Representing Graph And Connectivity

Representing-Graph-and-Connectivity

Representing Graphs

Adjacency matrix

  • Mostly used for the graph with many edges (dense graph);

Adjacency table (list)

  • Mostly used for the graph with few edges (sparse graph).

Representing-Graph

Graph Isomorphism(图同构)

The simple graphs $G_1=(V_1,E_1)$ and $G_2=(V_2,E_2)$ are isomorphic if

  • There is a bijection (1-1, onto) $f: V_1->v_2$ such that:
  • $\forall a, b\in V_1 ((a,b)\in E_1 \leftrightarrow (f(a),f(b)\in E_2))$.
  • Graphic invariants are the things that isomorphic graphs must have in common
    • the same number of vertices,
    • the same number of edges,
    • the degrees of corresponding vertices are the same,
    • same graph type,
    • same number, and types, of sub-graphs.

Graph Connectivity

Path

A path of length n from vertex u to vertex v is a sequence of n edges $e_1, e_2, …, e_n$ such that $e_1$, starts at u and $e_n$ ends at v.

Circuit

A circuit is a path that begins and ends at the same vertex in graph.

Circuit

Simple path/circuit

  • A simple path or circuit does not pass through the same edge twice or more.(不经过同样的边两次以上).

Simple Circuit

Graph Connectedness

  • Undirected Graph
    • An undirected graph is connected if there is a path between every pair of distinct vertices.
  • Directed Graph
    • A directed graph is strongly connected if there is a path from a to b and from b to a whenever a and b are vertices in the graph.
    • A directed graph is weakly connected if, after all the arrows are removed, the undirected graph is connected.

Euler Path/Circuit

  • An Euler path in G is a simple path containing every edge of G.(不需回到起点)
  • An Euler circuit in a graph G is a simple circuit containing every edge of G.(回到起点)

  • Theorem: (欧拉路径)
    • A connected multi-graph has an Euler path (not an Euler circuit) iff it has exactly 2 vertices of odd degree. (两个奇度点)
  • Theorem: (欧拉回路)
    • A connected multi-graph has an Euler circuit if and only if each vertex has even degree. (无奇度点)

Hamilton Path/Circuit

  • A Hamilton path is a path that traverses each vertex in G exactly once.
  • A Hamilton circuit is a circuit that traverses each vertexin G exactly once.

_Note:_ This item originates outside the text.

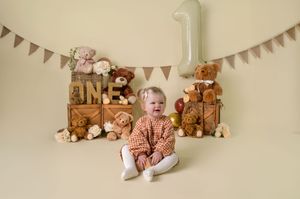A cozy first birthday setup with teddy bears, wooden crates, and triangle bunting decorations against a cream wall.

How to find the Hamilton circuits? Some sufficient conditions can help

  • Ore’s theorem If for every pair of nonadjacent vertices u and v in the simple graph G with n vertices, $deg(u) + deg(u) > n$, then G has a Hamilton circuit.
  • Dirac’s theorem If the degree of each vertex is great than or equals n/2 in the connected simple graph G with n vertices where n > 3 then G has a Hamilton circuit.

Planar Graphs

  • A graph is planar if it can be drawn in the plane without any edges crossing
  • The drawing is called a planar representation of the graph.

Euler’s Formula

  • In a planar representation of G
    • e: number of edges
    • v: number of vertices
    • r: number of regions
    • r=e-v+2

Euler’s Formula

  • There are three ways to determine if a graph is not a planar-graph.
    • If G is a connected planar simple graph with e edges and v vertices with v > 3, then e ≤ 3v - 6
      • That is, if e > 3v- 6, G is not a planar graph
    • lf G is a connected planar simple graph, then G has a vertex of degree not exceeding 5
    • If G has no vertex of degree below 5, G is not a planar-graph.
    • If G is a connected simple graph where v > 3 and no circuits of length 3, then e < 2v - 4. if v > 3 and no circuits of length 3 and e > 2v - 4then G is not a planar graph.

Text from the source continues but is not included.